You can read more about this Q&A and how the other candidates responded in the related story.
Kalen Jones is an incumbent to the Moab City Council, running for re-election in 2019. He was the third highest vote-getter in the primary election, with 623 votes. He was first elected to the seat in 2015.
Here is how Jones answered our questions:
T-I: The City of Moab, during its ongoing moratorium on new lodging developments, is on the clock to write and pass lodging standards. These standards will determine how future lodging developments look and operate.
There are many ideas regarding how these standards should be written. What are your top two priorities regarding how lodging is regulated in Moab, and how do you propose to implement them via policy?
Jones: Lodging is the most visible manifestation of Moab’s success in creating a tourism economy, and it provides significant tax revenue. With the dramatic increase of tourism in general—and lodging in particular—we need to plan carefully so that economic success does not harm residents’ quality of life.
I will continue to find practical ways to plan for the long-term well-being of both residents and businesses and address the specific impacts lodging is creating. We need smart growth, not as-fast-as-possible growth. One established lodging impact is on housing, and my work within the council has vigorously addressed this via the assured housing ordinance.
Two of my priorities will be reducing transportation impacts and using the profitability of lodging to support business balance. If I am re-elected, I will add more non-motorized travel options with an enhanced system of walking and bike paths. In addition to on-site paths, new lodging development will also include adequate facilities for future shuttle, bus and other emerging transportation services.
Business balance will be achieved through a mixed-use policy, requiring new development, which includes lodging, to also provide much-needed space for restaurants, offices and other businesses appropriate to the location. Providing more tourist services in close proximity to lodging will reduce the need for visitors to drive within town, reducing transportation impacts as well.

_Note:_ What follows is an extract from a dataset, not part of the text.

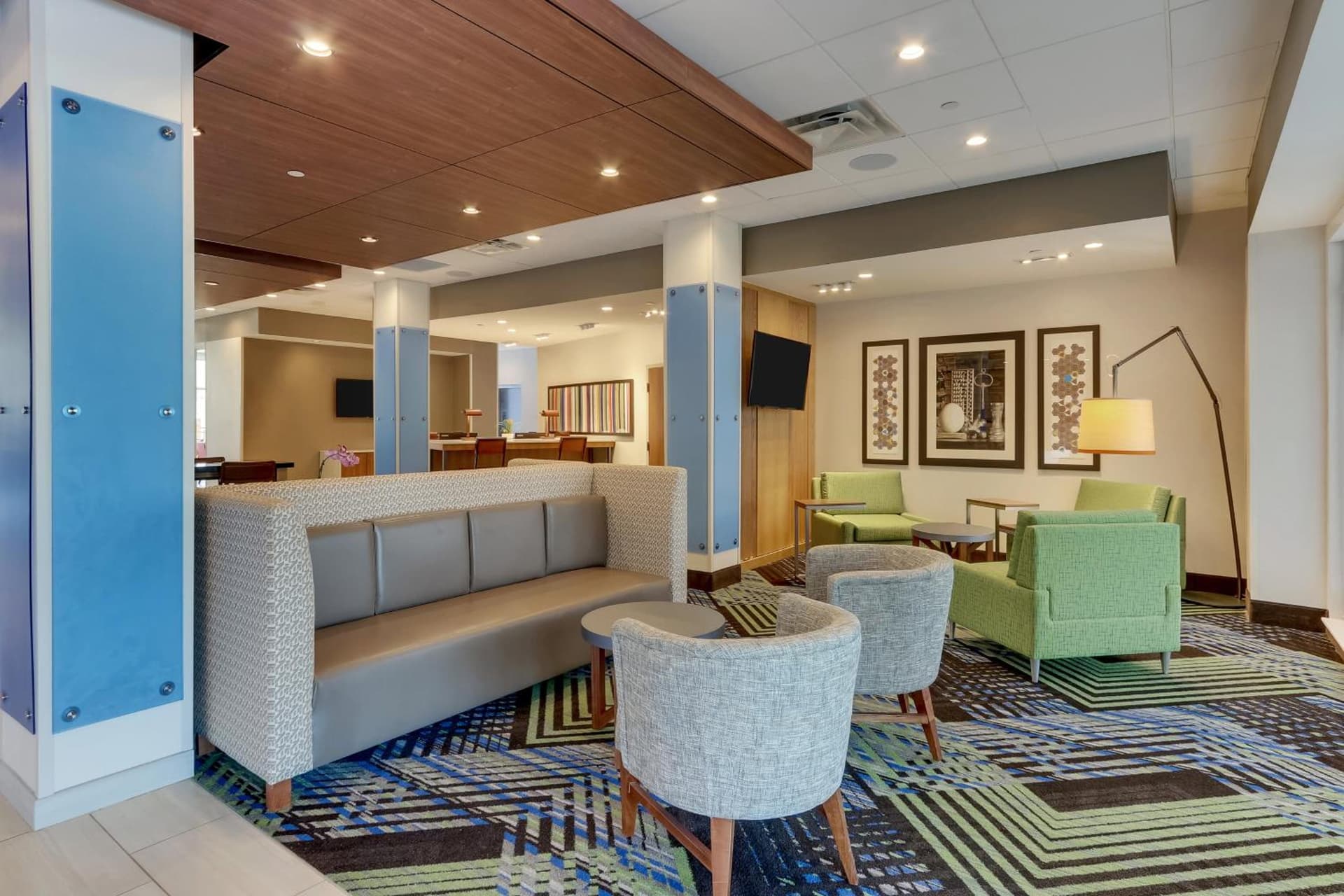 Holiday Inn Express - Wilmington - Porters Neck by IHG gallery photo in Wilmington, NC — image 16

T-I: Relative to the area’s median income, Grand County has the least affordable rent in the State of Utah. The typical household spends more than 30% of its income on rent. Property values have increased dramatically in recent years while incomes have fallen.
Some candidates have proposed voluntary deed restriction programs to address the problem. Most agree that higher density housing is what is most needed. Where in the city should higher density housing get built, and how would you handle or mitigate pushback from homeowners who do not want those developments in or near their neighborhood?
Jones: Downtown commercial zones are significantly underdeveloped relative to their potential under existing zoning. Redeveloping storage lots and some single-story buildings into two-story buildings, a common height for historic downtowns, would open up significant space for housing and other uses with little or no impact on existing neighborhoods.
The city can and is facilitating this via comprehensive parking planning and development. We can also facilitate multi-property, collaborative development and redevelopment to increase downtown housing, business activity, and overall vibrance.
T-I: Housing and lodging are perhaps the most obvious challenges facing the city. What is one other, major challenge that the city faces, and how do you plan to address it?
Jones: Transportation noise and congestion have a significant impact on our quality of life. In my first term, I was a member of the Throttle Down committee, and we made a concerted effort to educate riders about the noise impacts of UTVs and the sometimes-confusing Utah requirements for street-legal operation. The city has also lowered speed limits on key roads.
Despite good-faith voluntary measures and incremental progress, significant parts of Moab’s residential neighborhoods continue to be impacted by excessive noise. I will take our concerns to the state legislature to restore local control on this issue and work with businesses and other stakeholders to develop better parking, and possibly rental facilities, at major trailheads.
I have been a member of several committees that have worked with UDOT to address transportation planning and funding opportunities in Moab. By continuing to engage with UDOT, we can improve the planning processes and outcomes. Traffic projections, even with a bypass, show an increase in volume on Main Street over the coming decades. As part of downtown redevelopment, I will work to improve the downtown pedestrian experience and safety, both on Main Street and more importantly by incentivizing the development of our quiet, off-main commercial areas.